Kayaking In Swimming Pools
Canoeing is usually considered to be an outdoor adventurous activity. Swimming pools however, provide an alternative temperature controlled environment which can be used to introduce groups to the activity indoors.
Pool sessions can maximise opportunities for experiencing our sports diversity, overcoming fears of capsize, learning to paddle, developing water confidence, improving boat handling skills, raising awareness of general safety procedures and also specific rescue practice, all in a safe and controlled environment.
Canoe polo is a popular sport at local, national and international level, for a large part using indoor pools. There are also now a large number of local canoe clubs in the UK many of which use regular pool sessions as a focal point for club meets, particularly during the winter months.
To supervise a pool canoeing session, a Coach must:
- Be 18 years of age or over.
- Be at least “new” UKCC Level 1 Coach or “old” BCU Level 2 coach trainee, or have received specific pool training approved by the Adventurous Activities Consultant.
- Hold a current Canoe/Kayak Safety Test Award, Foundation Safety & Rescue Award or other lifesaving award which conforms to local requirements.
- Hold a current First Aid qualification.
- Conform to the requirements of the pool management regarding conduct of sessions and poolside supervision.
Guidance For Leaders
Careful planning and preparation contribute greatly to the safe and successful outcome of any activity. For general planning details refer to Appendix C.
Specifically the following should be considered:
- Communication with pool management and staff regarding local requirements, particularly for an exceptional session in a pool which is not normally used for canoeing.
- Facilities for storing equipment.
- Adequate information to group regarding appropriate behaviour and clothing etc.
- Facilities for cleaning canoes and equipment if transported from elsewhere.

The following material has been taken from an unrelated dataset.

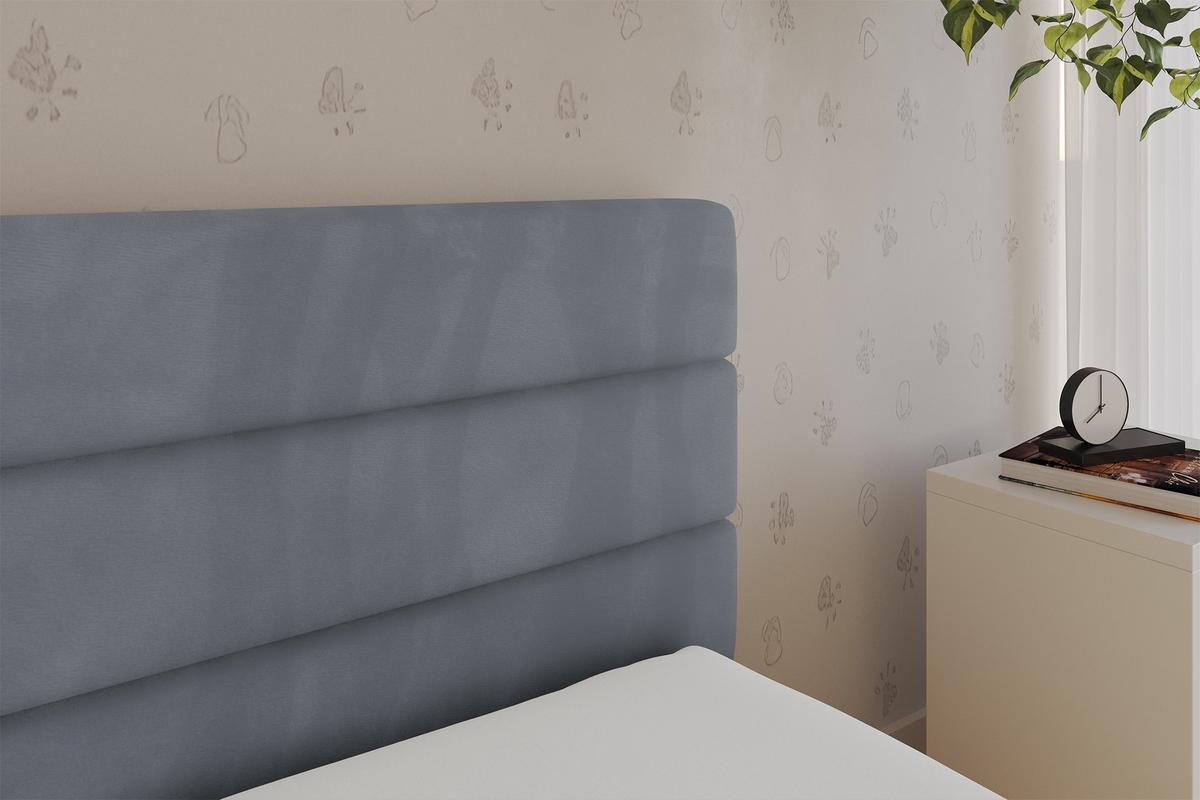 EINZELLBETT Jugendbett mit Bettkasten und Matratze H3/H4, Links - BEMY 100x200 Grau - Grau, Holzwerkstoff/Textil (100/200cm) - ALTDECOR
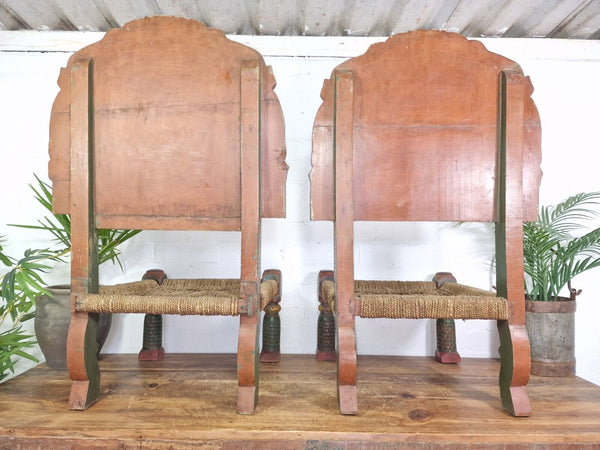 Rare Pair Vintage Antique Indian Low Woven Carved Wooden Pidha Seats Chairs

- Canoes currently used in pools are normally of a type with rounded ends to prevent injury to participants and damage to the pool. Where other types of craft are used appropriate precautions (such as padding the ends of the boat) should be taken to prevent injury or damage.
- Paddles with metal edged blades must not be used.
- Canoes based at a pool should not normally be transported to other venues.
- Canoes which have been used outside or transported from other venues must be cleaned thoroughly (specific advice should be taken from local pool management).
- Any outside equipment e.g. paddles, buoyancy aids etc. should be cleaned before use in a pool.
- Canoes and equipment should regularly be checked for damage (in particular any sharp edges around cockpit or footrests).
- Consideration should be given to participants wearing appropriate body covering to prevent small scratches and abrasions which are common even with well maintained canoes.
- Coaches may decide whether to ask participants to wear buoyancy aids (B/As) or not, however, the wearing of these is to great advantage when coaching for long-term learning with the transfer of skills to outdoor environments where B/As are essential.
- Buoyancy Aids and helmets must be used for canoe polo sessions.
Group Activity and Supervision
A canoe session in a pool should be an enjoyable and positive experience for participants. To achieve this, the coach should take account of the following:
- Participants should normally be able to swim. In the case of non-swimmers the coach must be satisfied that the participant has reasonable water confidence when wearing a buoyancy aid. Non-swimmers must always wear a buoyancy aid.
- Casual swimming must not be permitted while the canoe session is in progress unless an area is roped off specifically for swimming. Appropriate supervision must be provided for this as a separate activity.
- Where possible the session should be organised on a ‘buddy system’ basis i.e. one canoeist supported by a group member in the water or on the poolside. Where a ‘buddy’ system is not possible one member of the group must remain on the poolside as a ‘second pair of eyes’.
Group size and supervision ratios should generally be applied as for sheltered water but will also be influenced by local pool policy. Some pools may require a qualified pool lifeguard to be present in addition to the kayak coach. Pools are also likely to have rules on the maximum number of boats allowed in the pool at one time.